1.1. Material points in physical space
Position. The position in physical space of material points labeled with material coordinates \(\vec{r}_0\) can be written as a function
(1.1)\[\vec{r}(\vec{r}_0, t) \ ,\]
providing the position in physical space of a material point, as a function of its label \(\vec{r}_0\) and time \(t\).
Velocity. The velocity of each material point is the time-derivative of function (1.1) at constant \(\vec{r}_0\) (since one is interested here in the velocity of material points),
(1.2)\[\vec{u} = \left.\dfrac{\partial \vec{r}}{\partial t}\right|_{\vec{r}_0} =: \dfrac{D \vec{r}}{D t} \ ,\]

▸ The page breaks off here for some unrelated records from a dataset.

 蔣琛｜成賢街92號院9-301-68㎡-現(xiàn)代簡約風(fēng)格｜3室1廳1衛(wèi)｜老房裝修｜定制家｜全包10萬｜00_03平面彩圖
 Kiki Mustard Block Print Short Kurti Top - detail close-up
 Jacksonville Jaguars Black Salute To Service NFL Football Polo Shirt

having introduced the definition of material derivative, \(\dfrac{D}{Dt} := \left.\dfrac{\partial}{\partial t}\right|_{\vec{r}_0}\).
Independent variables
In formula (1.2), independent variables are not explicitly written. If \(\vec{r}\left(\vec{r}_0, t\right)\), the velocity field \(\vec{u}\) can be readily written as functions of the same independent variables,
\[\vec{u}_0\left( \vec{r}_0, t\right) = \left.\dfrac{\partial \vec{r}}{\partial t}\right|_{\vec{r}_0}(\vec{r}_0, t) \ , \]

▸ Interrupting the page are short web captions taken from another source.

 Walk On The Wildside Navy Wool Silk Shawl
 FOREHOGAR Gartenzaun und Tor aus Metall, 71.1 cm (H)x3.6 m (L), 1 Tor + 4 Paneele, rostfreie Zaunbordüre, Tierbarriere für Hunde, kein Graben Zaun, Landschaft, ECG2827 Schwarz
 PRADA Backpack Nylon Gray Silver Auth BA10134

and it provides the velocity field as a function of the material coordinates, namely the Lagrangian description, following material points in their evolution in space.

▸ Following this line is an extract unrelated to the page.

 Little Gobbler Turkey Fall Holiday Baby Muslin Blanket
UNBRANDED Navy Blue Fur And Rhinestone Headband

Eulerian description of the problem requires physical properties to be written as functions of physical coordinates, \(\vec{r}\), \(t\). If the inverse transformation of (1.1) exists, it’s possible to write \(\vec{r}_0\left(\vec{r}, t\right)\), and the velocity field as
\[\vec{u}\left( \vec{r}, t\right) = \vec{u}_0\left( \vec{r}_0\left(\vec{r}, t\right), t\right) \ , \]
or, for invertible transformations,
\[\vec{u}_0\left( \vec{r}_0, t\right) = \vec{u}\left( \vec{r}\left(\vec{r}_0, t\right), t\right) \ , \]
having used indices to mathematcally discern functions of different independent variables, even if they represent the same phsyical quantity. In many situations, this inverse transformation between the position in physical space and the material coordinates is not well-defined, often for fluid systems or solid mechanics with (very) large deformations: in these cases, it’s always (?) possible to update the reference configuration at some closer time instant in order to find a well-defined inverse transformation, if needed.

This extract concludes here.